# Delaware Fishing Report



## Sandcrab (Mar 20, 2002)

FISHING REPORT
FROM
THE STAFF OF BILL’S SPORT SHOP
6-28-03
WATER TEMP: 70.5

"FISHING NEWS!

Well, we might have missed Spring; but Summer has arrived!!!! The Bill Baker family took a day and went to “B” buoy on the Slicker III. The group loaded their coolers with black sea bass. They also caught several flounder, but they were all too short. John Seipp emailed us and said that he took his son Andrew and Wes Pollit out to the “Tea Cup” on board his boat the Anchor Inn. They caught 3 blue sharks in the 125 to 150 lb class and had many more on their lines that were that size and larger. John also said that the sharks really did a job on his chum bag! Sue Baker Killen and brother Kevin Baker fished “B” buoy on board the Slicker Too and kept 17 legal sea bass plus released a load of shorts. Sue also caught a 21” flounder beating brother Kevin’s 18” flattie! The Slicker Too left the dock on another trip with Sue Killen at the helm. Sue, her husband Roy, and her two brothers-Bill Jr. and Kevin loaded up for a third time on sea bass. Jeff Turner and Horace were on board the Polaris, captained by Roger Gross and caught a mess of blues to 10 lbs. fishing Massey’s Canyon.

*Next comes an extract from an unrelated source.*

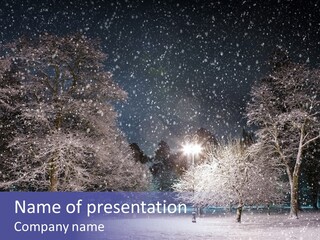 Forest Blue Christmas PowerPoint Template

Indian River Inlet is still very productive on stripers and trout. Tip Top Van caught several of the fish to 14 lbs. on Storm Lures and rigged eels. Brian Elliott from Bills fished rigged eels and brought a 19.48 lb striper to the jetty as well as a 7.10 lb weakfish. Joshua Thao also weighed in a citation winning 20.78 lb rockfish that he brought over the rail at the inlet drifting live eels. Mickey Payne and Timmy Barnett are still limiting out on trout EVERY time they fish Indian River Inlet. During a solo trip to the inlet, Mickey used eels to catch 16 trout, 4 flounder and 1 striper. The blue fish are still coming through the inlet from time to time to the chagrin of some anglers while making others very happy. Captain Dennis Pick and son Dennis Jr. on their boat, the Fin-Fitz, were fishing the inlet and said the water was boiling with blues. They caught them on mirro-lures, white striker poppers and white bucktails. They also had a real nice striper on, but lost it before they could get it in the boat. Dennis Jr. outfished his dad, but dad has issued a challenge for a rematch. Brenda Wise was fishing Massey’s Ditch with bucktails dressed with squid and boated a 5.1 lb flounder. Young angler, Cody Shirk, was fishing with his family in Indian River Bay and proudly came to the store with a citation winning flounder that just made the cut at 7 lbs. 

Chris Stevens was fishing the surf at Dewey Beach with cut mullet and brought 2 trout and 1 black drum through the waves. Adam Lovenguth was fishing from Broadkill Beach and hauled in a 50” dog shark that weighed 40lbs. The shark later ended up on the barbecue.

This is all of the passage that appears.